The Tennessee Wildlife Resources Agency announced Tuesday that the Catoosa Wildlife Management Area located in Cumberland, Morgan, and Fentress Counties will be closed to all public access effective Monday, August 8, 2011. TWRA officials believe this closure is necessary to ensure the safety of visitors using Catoosa WMA and agency employees working on the area.
Some have described the situation as "Hog Wars," after the Agency recently passed a sweeping policy to try and eliminate wild hogs across Tennessee, including Catoosa WMA.
Apparently an avid hog hunter, or hunters, are basically committing acts of terrorism on Catoosa WMA. TWRA officials believe this vandalism may be a reaction by a small group of individuals dissatisfied with the recent changes in the management of wild hog populations on Catoosa, and across the state.
Wildlife officials say wild hogs are becoming a nuisance across the state. They completely closed the hunting season, believing that some hunters were illegally transporting wild hogs from other states and releasing them in Tennessee. Public hunting for the animals is closed, however landowners with nuisance hogs can allow specially-permitted hunters to try and eliminate the animals with virtually no regulation. TWRA also committed to reducing wild hog populations on all state wildlife areas except for the Cherokee National Forest.
Hog Hunts have been historically held on Catoosa for decades. TWRA officials say since late June some people apparently unhappy with the new regulation and policy, have placed nails, spikes, and nail-boards in fields, secondary roads, and trails on the WMA.
According to Kirk Miles, TWRA Region 3 Wildlife Program Manager, as part of the overall strategy to address the increasing wild hog population on the Cumberland Plateau, an aggressive program to trap and remove wild hogs was initiated on Catoosa WMA in early June. Shortly thereafter, employees began finding nails and spikes in fields and along secondary roads accessing wild hog trap sites.
“Initially, we felt that we were able to effectively find and clean up the vandalized sites,” Miles said. “However, the problem has escalated to the point that we no longer feel the area is safe for public use.”
To date 13 tires have been damaged on TWRA trucks used on the WMA, ten of the tires had to be replaced. Four tractor tires have had flat tires repaired. One TWRA employee narrowly escaped serious injury when he stepped on a large nail.
According to Jim Lane, Catoosa WMA Manager, the vandalism has affected normal operations on Catoosa.
“We have found nails and spikes of different sizes, from two inch nails to ten inch spikes. We have also found homemade nail-boards designed to be driven into the ground,” Lane said. “They are not easy to find. Basically, we are forced to use metal detectors and cover large areas. It is labor intensive and takes a lot of time to find and clear vandalized locations.”
Fortunately, damage to non-agency vehicles has been confined to one individual who had two tires flattened after traveling on a secondary road.
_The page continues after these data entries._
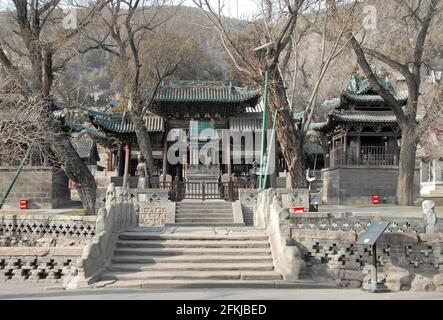 Temple Jinci près de Taiyuan, Shanxi, Chine. La terrasse des statues en fer au temple de Jinci, le plus important complexe de temples de la province du Shanxi, en Chine. Banque D'Images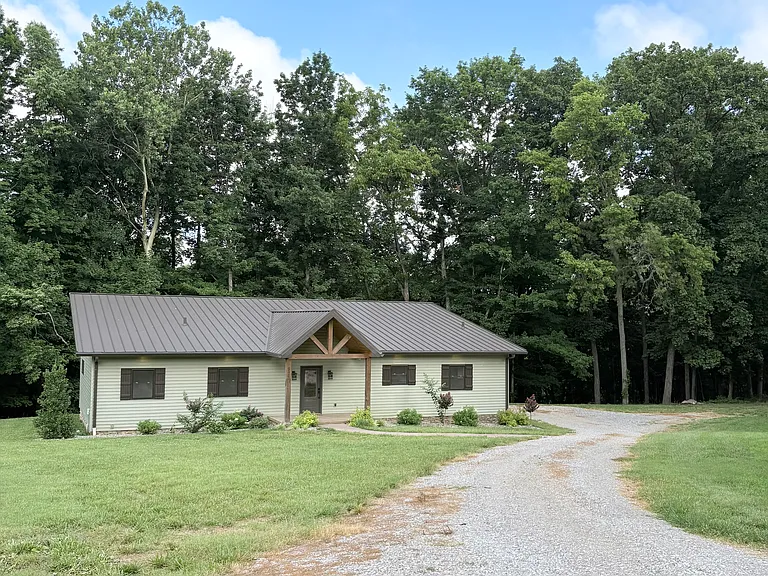 925 Clifton Church Rd — Photo 2
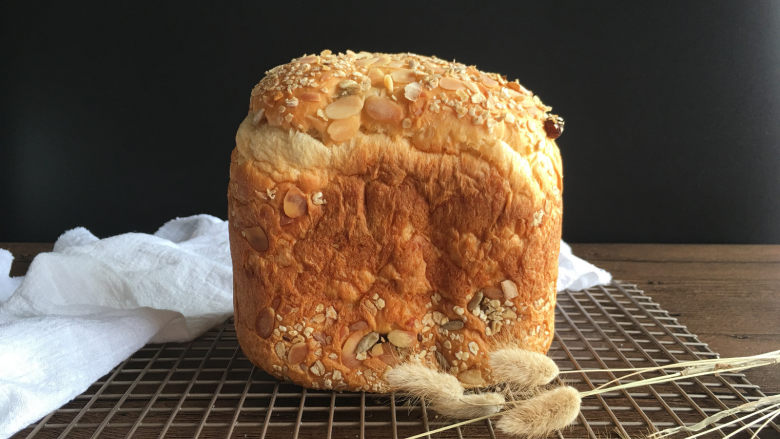 Bread machine version of dried fruit oatmeal toast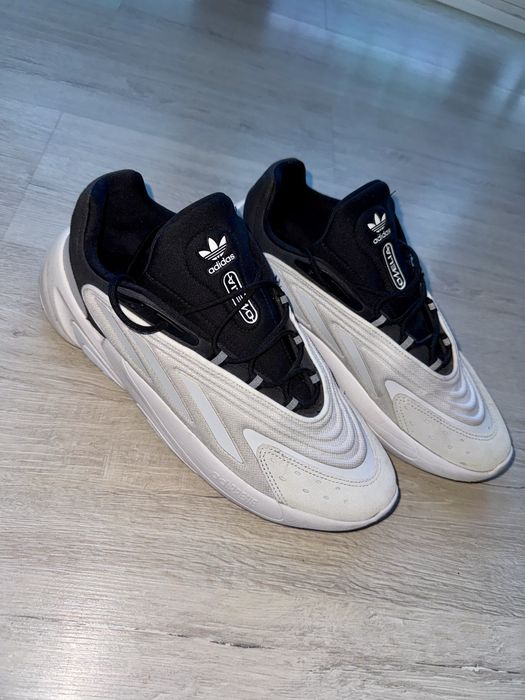 Продам кросівки Adidas Ozelia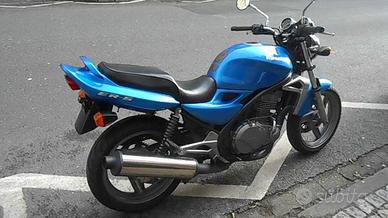 Kawasaki er 5 - 2001
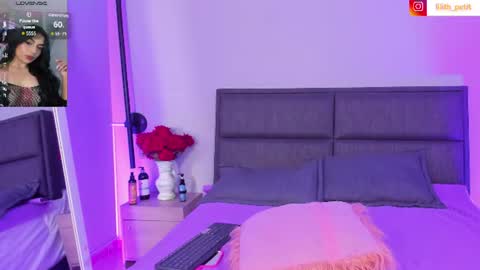 Lili petit  online show from August 5, 2:59 pm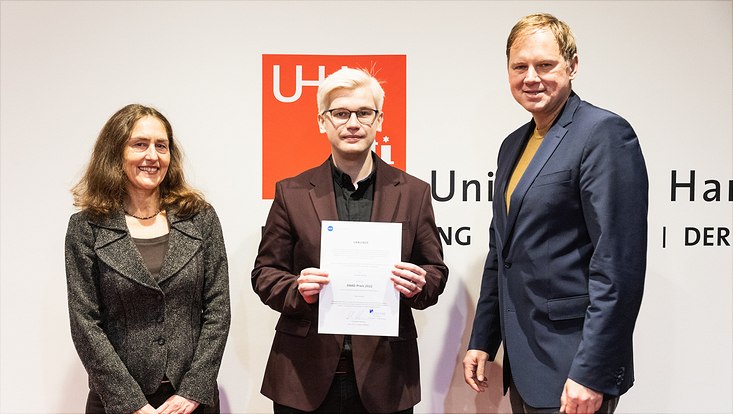 Die nominierende Professorin Prof. Dr. Doerte Bischoff, Preisträger Pavlo Hushcha und Uni-Präsident Prof. Dr. Hauke Heekeren bei der Preisübergabe.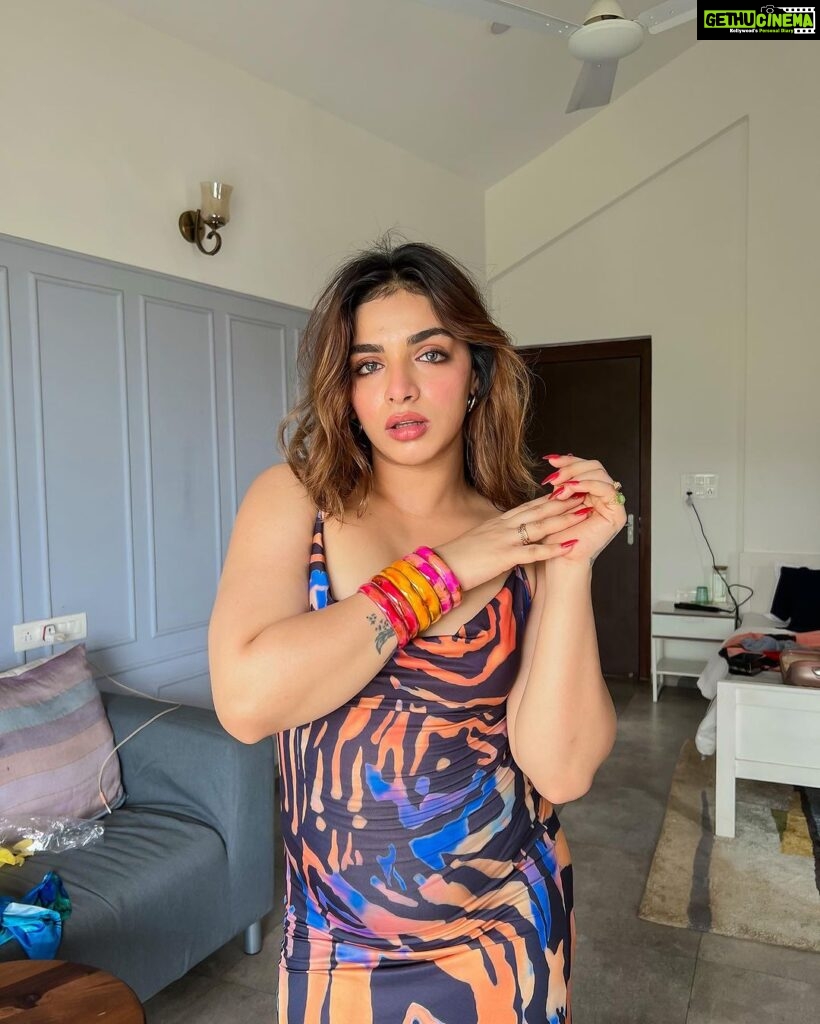 Shivani Jha Instagram - Pretty on purpose (Foodbumpgamestrong)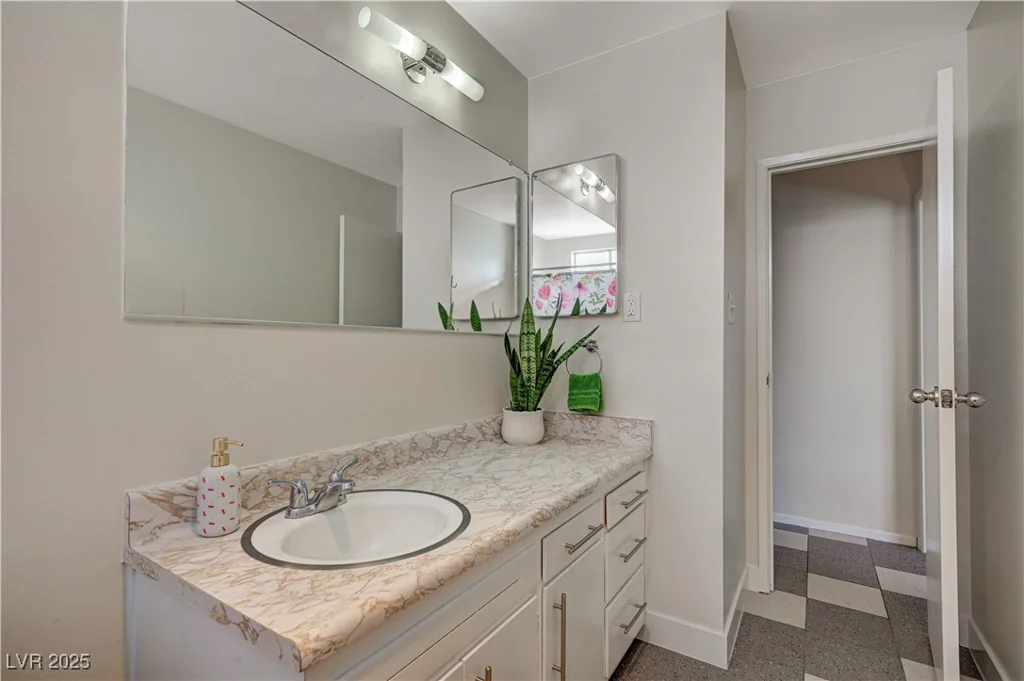 3220 PAWNEE, Las Vegas, NV 89169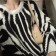 韓國東大門~設計首爾熱賣款✿個性斑馬紋寬鬆破洞針織毛衣✿超俐落有型~☁ 約會~旅遊~上班~必備 ◙ ◚ ◛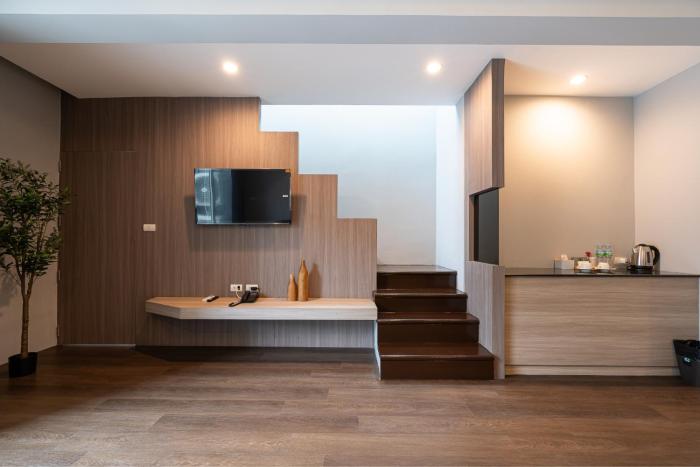 tisha hotel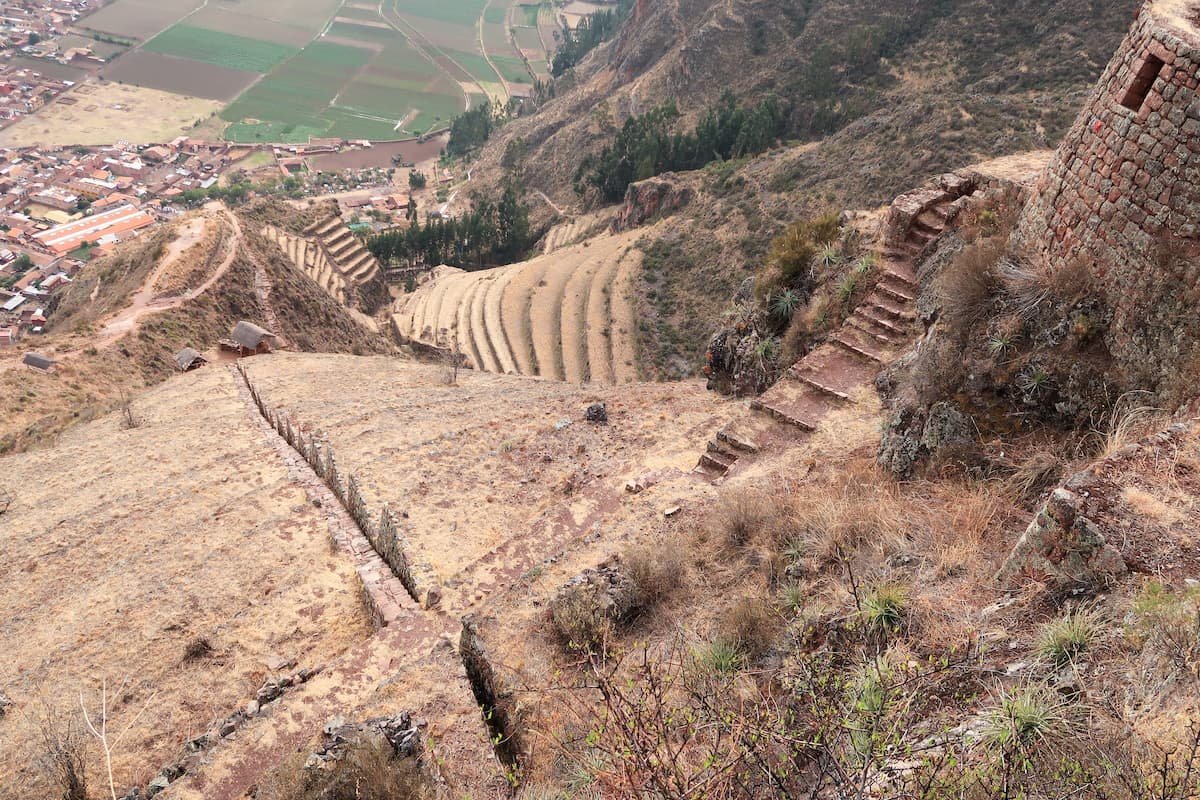 Das Heilige Tal der Inka auf eigene Faust entdecken Aussicht von der Inka Ruine in Pisac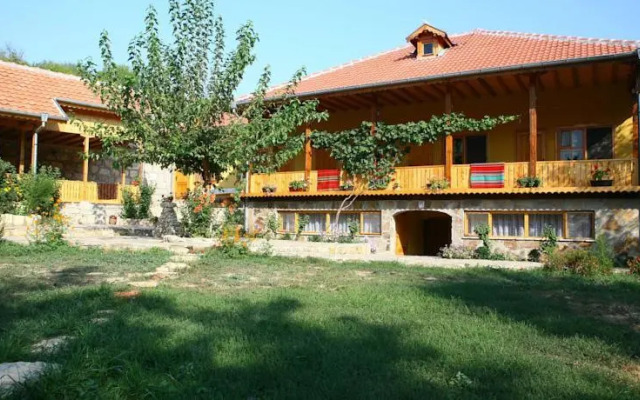 Pelican Birding Guest House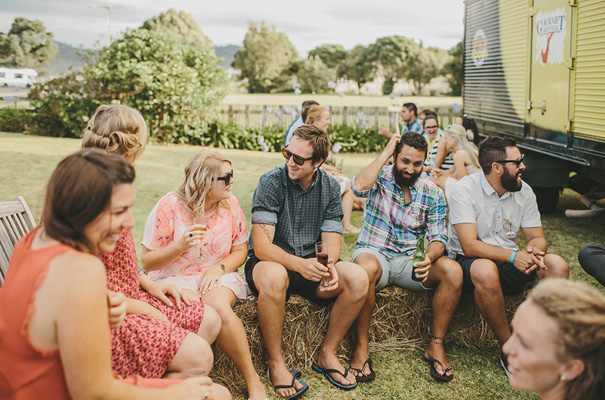 rue-de-seine-danelle-bohane-new-zealand-backyard-wedding-inspiration-daisies30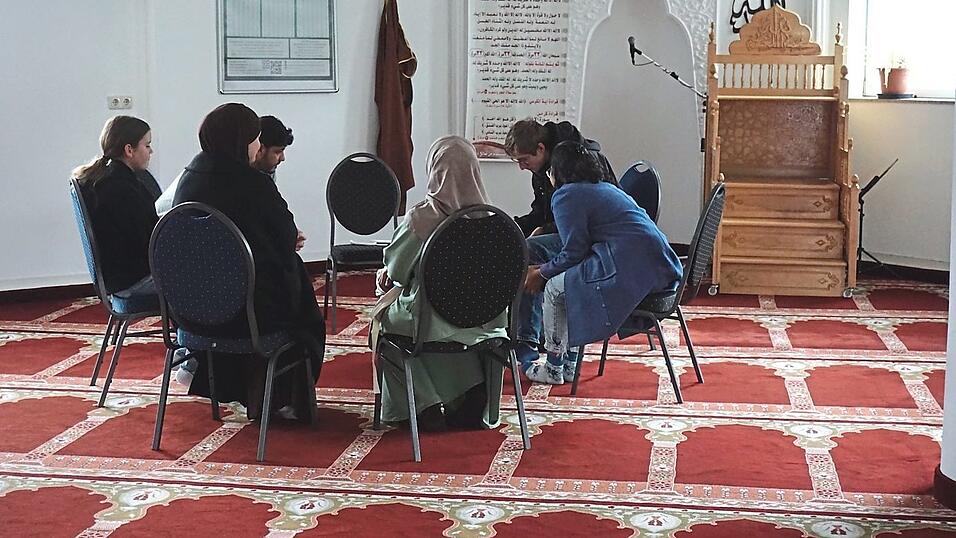 In Gesprächsrunden tauschten sich am Tag der offenen Moschee Gastgeber und Besucher aus. In Gesprächsrunden tauschten sich am Tag der offenen Moschee Gastgeber und Besucher aus.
TWRA employees were able to assist the man who was traveling with his three children.
Although there are currently no hunting seasons open on Catoosa, the WMA is still heavily utilized by various users including horseback riders, hikers, and fishermen.
“We are very concerned with the immediate safety of current users on the WMA,” said Miles. “Also, squirrel and deer hunting seasons are just around the corner and that is when the WMA is most heavily utilized.”
Squirrel season opens on Aug. 27. Asked if the area could reopen before that date, Don King, TWRA Chief of Information said, "There's a good chance that could happen."
TWRA will use the closure period to find and remove as much of the dangerous material as possible. According to Miles, Catoosa WMA is approximately 80,000 acres of field and forest habitat. Cleanup efforts will focus on fields, secondary roads, and trails.
“We have a lot of ground to cover,” Miles said. “We will re-open Catoosa as soon as we can be reasonably assured it is safe. I am hopeful that we can reach that point sometime before our first deer hunt in October to allow small game and deer hunters the opportunity to hunt and scout the area.”
TWRA is offering a reward of $1,000 for information leading to the arrest and conviction of parties responsible for this vandalism.
Kind did not know if Agency has requested assistance from any other law enforcement agency or not. He did say there are no suspects at this time.
To provide any information relevant to this case please call 1-800-241-0767.
This homemade nail-board, designed to be driven into the ground, was well hidden in a secondary road on Catoosa WMA.